Description of Operating Environment
[0025] Referring to the drawings in general, and initially to FIG.
1 in particular, an exemplary operating environment for
implementing embodiments of the present invention is shown and
designated generally as computing device 100. Computing device 100
is but one example of a suitable computing environment and is not
intended to suggest any limitation as to the scope of use or
functionality of the invention. Neither should the computing device
100 be interpreted as having any dependency or requirement relating
to any one or combination of components illustrated.
[0026] The invention may be described in the general context of
computer code or machine-useable instructions, including
computer-executable instructions such as program components, being
executed by a computer or other machine, such as a personal data
assistant or other handheld device. Generally, program components
including routines, programs, objects, components, data structures,
and the like, refer to code that performs particular tasks or
implements particular abstract data types. Embodiments of the
present invention may be practiced in a variety of system
configurations, including handheld devices, consumer electronics,
general-purpose computers, specialty computing devices, etc.
Embodiments of the invention may also be practiced in distributed
computing environments where tasks are performed by
remote-processing devices that are linked through a communications
network.
[0027] With continued reference to FIG. 1, computing device 100
includes a bus 110 that directly or indirectly couples the
following devices: memory 112, one or more processors 114, one or
more presentation components 116, input/output (I/O) ports 118, I/O
components 120, and an illustrative power supply 122. Bus 110
represents what may be one or more busses (such as an address bus,
data bus, or combination thereof). Although the various blocks of
FIG. 1 are shown with lines for the sake of clarity, in reality,
delineating various components is not so clear and, metaphorically,
the lines would more accurately be grey and fuzzy. For example, one
may consider a presentation component such as a display device to
be an I/O component. Also, processors have memory. The inventors
hereof recognize that such is the nature of the art and reiterate
that the diagram of FIG. 1 is merely illustrative of an exemplary
computing device that can be used in connection with one or more
embodiments of the present invention. Distinction is not made
between such categories as "workstation," "server," "laptop,"

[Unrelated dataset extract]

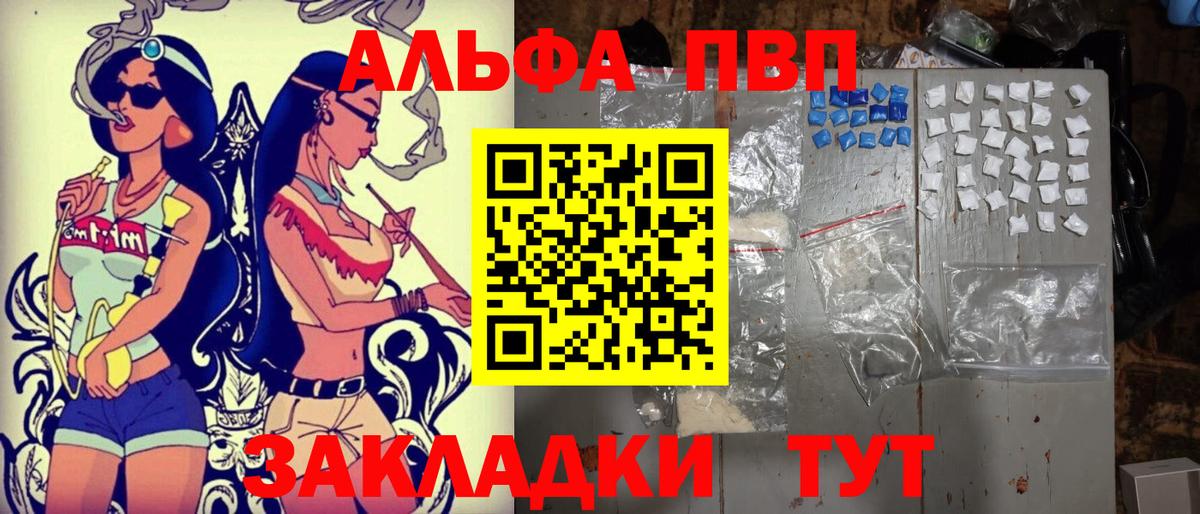 Alpha PVP крисы CK Сальск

"handheld device," etc., as all are contemplated to be within the
scope of FIG. 1 in reference to "computer" or "computing
device."
[0028] Computing device 100 typically includes a variety of
computer-readable media. By way of example, and not limitation,
computer-readable media may comprise Random Access Memory (RAM);
Read Only Memory (ROM); Electronically Erasable Programmable Read
Only Memory (EEPROM); flash memory or other memory technologies;
CDROM, digital versatile disks (DVDs) or other optical or
holographic media; magnetic cassettes, magnetic tape, magnetic disk
storage or other magnetic storage devices; or any other medium that
can be used to encode desired information and be accessed by
computing device 100.
[0029] Memory 112 includes computer-storage media in the form of
volatile and/or nonvolatile memory. The memory may be removable,
nonremovable, or a combination thereof. Exemplary hardware devices
include solid-state memory, hard drives, optical-disc drives, etc.
Computing device 100 includes one or more processors that read data
from various entities such as memory 112 or I/O components 120.
Presentation component(s) 116 present data indications to a user or
other device. Exemplary presentation components include a display
device, speaker, printing component, vibrating component, etc. I/O
ports 118 allow computing device 100 to be logically coupled to
other devices including I/O components 120, some of which may be
built in. Illustrative components include a microphone, joystick,
game pad, satellite dish, scanner, printer, wireless device,
etc.
Description of Exemplary System Architecture
[0030] Turning now to FIG. 2, a schematic diagram of an exemplary
system architecture 200 suitable for matching search queries to
documents using relationships between words within documents and
with search queries in accordance with an embodiment of the present
invention is shown. It will be understood and appreciated by those
of ordinary skill in the art that the exemplary system architecture
200 shown in FIG. 2 is merely an example of one suitable computing
environment and is not intended to suggest any limitation as to the
scope of use or functionality of the present invention. Neither
should the exemplary system architecture 200 be interpreted as
having any dependency or requirement related to any single
component or combination of components illustrated therein.
[0031] As illustrated, the system architecture 200 may include a
distributed computing environment, where a client device 215 is
operably coupled to a natural language engine 290, which, in turn,
is operably coupled to a data store 220. In embodiments of the
present invention that are practiced in distributed computing
environments, the operable coupling refers to linking the client
device 215 and the data store 220 to the natural language engine
290, and other online components through appropriate connections.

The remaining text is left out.